A study indicates that Uber's dominance has spurred taxi drivers to be more accommodating, evidenced by a decline in customer complaints.

Report: Cabbies Are Getting Nicer--And We Have Uber To Thank
[Photo: Flickr user Pank Seelen]

If you think New York cabbies have gotten friendlier over the past few years, you're not imagining it: Research from the Technology Policy Institute, presented this week at the American Economic Association's annual meeting, supports the theory that taxi drivers are becoming nicer—and attributes it to the rise of the ride-hailing startup Uber.

The study reports that, as expected, daily taxi trips in New York have declined since the introduction of Uber, which officially launched across hubs like New York and San Francisco back in 2011. (Earlier today, the San Francisco Examiner wrote that Yellow Cab, the city's biggest taxi company, is filing for bankruptcy due to competition from rivals Uber and Lyft.) Since cabbies cannot compete with Uber when it comes to low fares or convenient payment methods, they appear to have made an effort to buy customer loyalty through better service—one of the few things that does fall within their purview.

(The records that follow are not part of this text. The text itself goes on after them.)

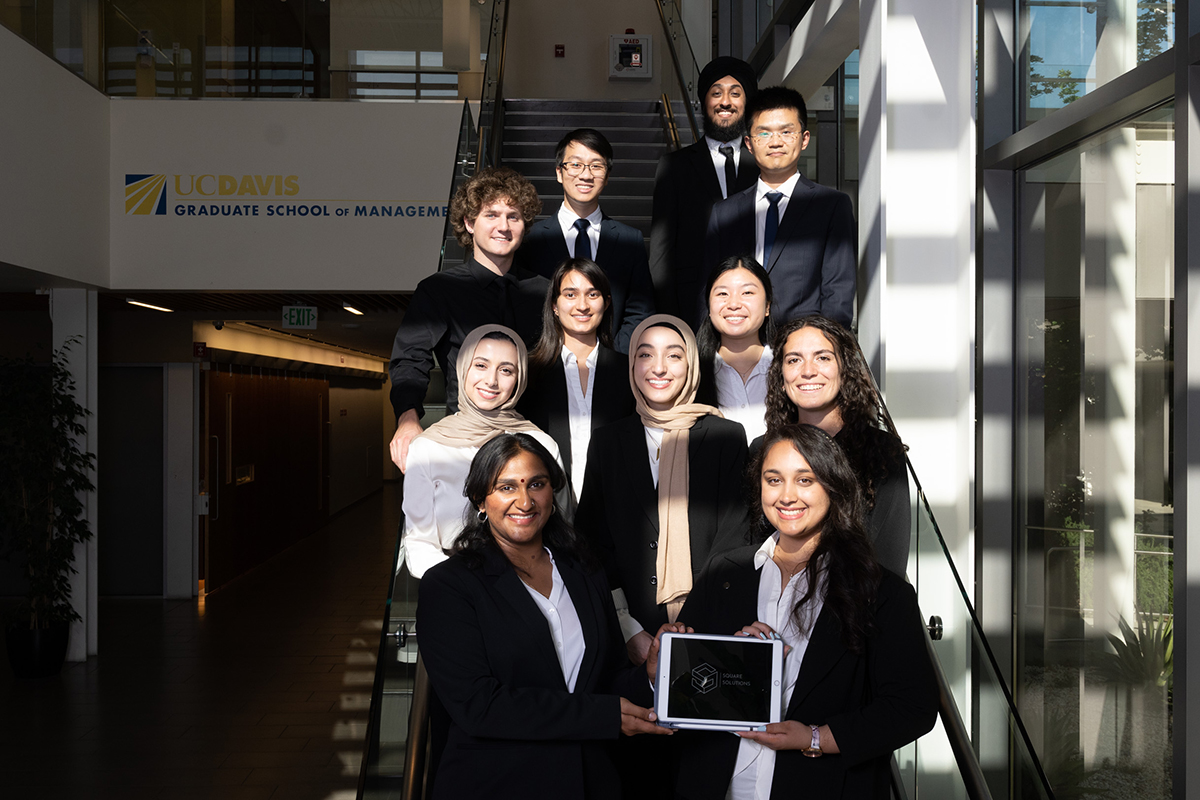 large group of undergraduates in business attire on a staircase with laptop screen showing their startup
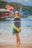woman in blue and yellow dress standing on beach during daytime
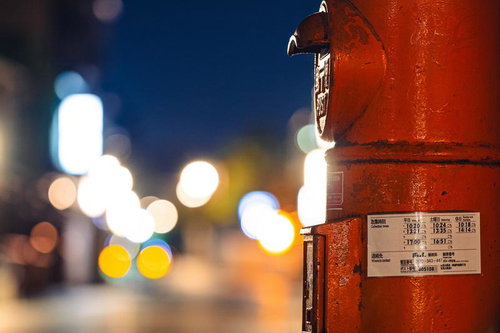 夜間の繁華街で光るネオンを背景にした赤い郵便ポスト
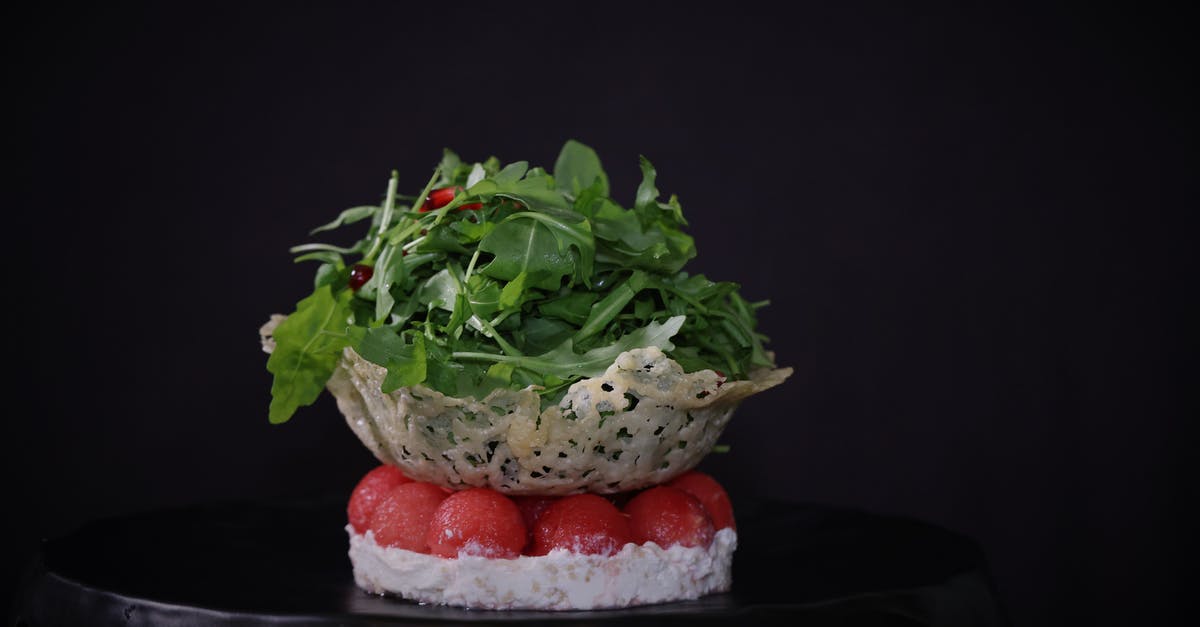 Black Mold On Cheese - Green Vegetable Salad on Top of Red Cherry Tomatoes Black Mold On Cheese - Green Vegetable Salad on Top of Red Cherry Tomatoes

According to data collected by the NYC Taxi and Limousine Commission (NYCTLC), customer complaints about taxis have slowly declined since Uber's entry into the market—a number that, to be fair, was already decreasing prior to the ride-hailing app's launch. In the following graph, the study takes into account the drop in taxi rides, since that obviously impacted the number of complaints filed.

The report reveals a clear correlation between an uptick in Uber use—as evidenced by Google searches for the term "Uber"—and the falling number of customer complaints, even after considering the effects of bad weather and fewer overall cab trips. This was reflected both in New York and Chicago; the latter did not provide data on the number of taxi rides over time, but did show a similar decrease in user complaints and offer detailed information on what those complaints were about, from "rude" to "pickup refused" and "credit card problem."

While cabbies are probably making changes in their own behavior, it's also possible that the very riders who complained most about taxis have made a switch to services like Uber and Lyft. Either way, as the study points out, cab drivers now have greater incentive to treat their passengers with more care, even if those improvements may be less tangible to prospective customers.